Characterizing and mapping the seafloor and its features requires collecting and analyzing datasets of varied types and scales. Remotely-sensed data can increase our understanding of seafloor processes by providing insight into seabed geomorphology, substrate characteristics, etc., over large areas. Collecting direct observations or physical samples of the seafloor, also known as ground-truth data, holds the key to interpreting and validating remote sensing data. In this thesis, the case is made that by concurrently analyzing some or all of these datasets, knowledge about seafloor processes is gained more efficiently and to demonstrate this a suite of software tools has been developed to support seafloor habitat mapping. 

In Paper I, novel ways to use Digital Bathymetric Models (DBMs) and their derivatives to describe bedforms are proposed. In particular, a spatial analysis procedure for the quantitative characterization of large, straight, isolated (LSI) bedforms found in the Great South Channel (GSC) is presented. The procedure is objective and repeatable. This study led to an increased understanding of the large, straight, isolated bedforms of the GSC, including the geological processes associated with them. It was also discovered that these bedforms do not migrate, contrary to previous thought. This discovery prompted the study of the role of these bedforms as habitat, which is described in Paper II, where the outputs from the previous analysis are complemented with co-registered seafloor images. 

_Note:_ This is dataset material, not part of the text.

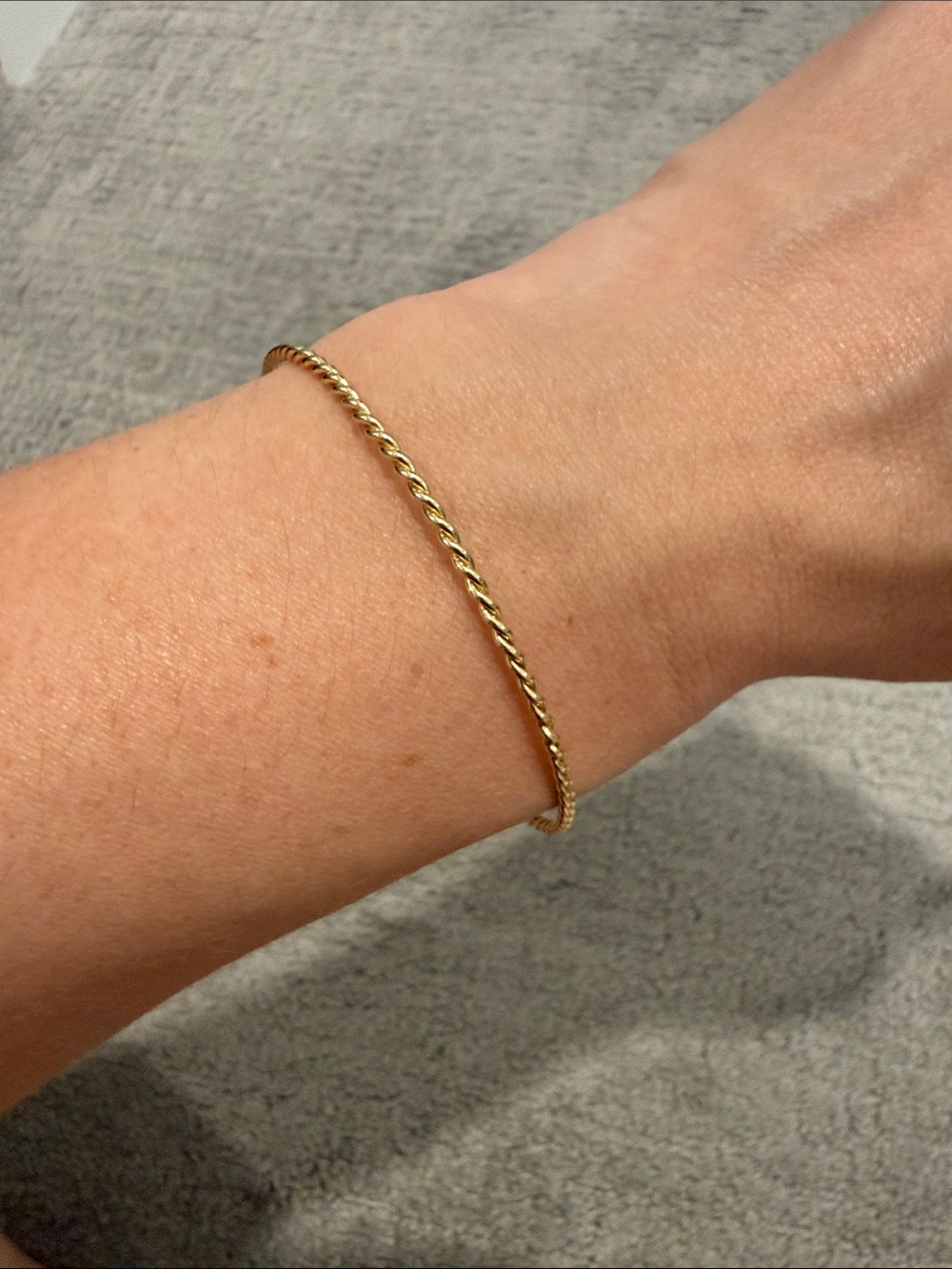 Yearly Co Classic Twist Bangle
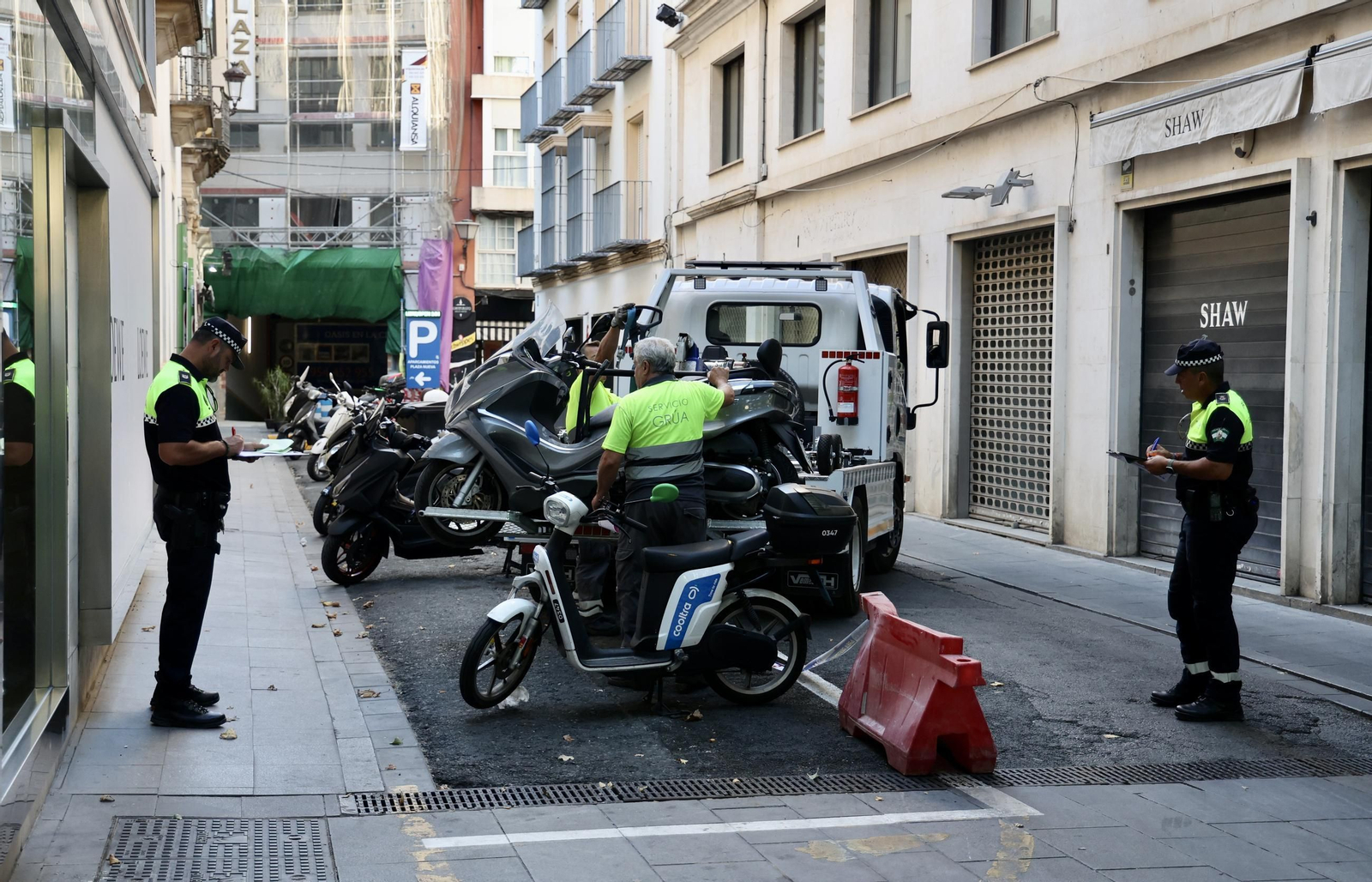 Nuevas señalizaciones en Plaza nueva para acceder al parking de la calle Albareda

Paper III, lastly, directly addresses the need for a unified software platform for collecting and concurrently analyzing such diverse datasets. In this paper, I present Groundtruther, a toolbox for linking marine datasets in space and time, thus enabling the user to interact with multiple datasets simultaneously, with the aim of obtaining a synoptic view of a particular portion of the seafloor. The contributions from this thesis feed directly into spatial planning and ecosystem-based management.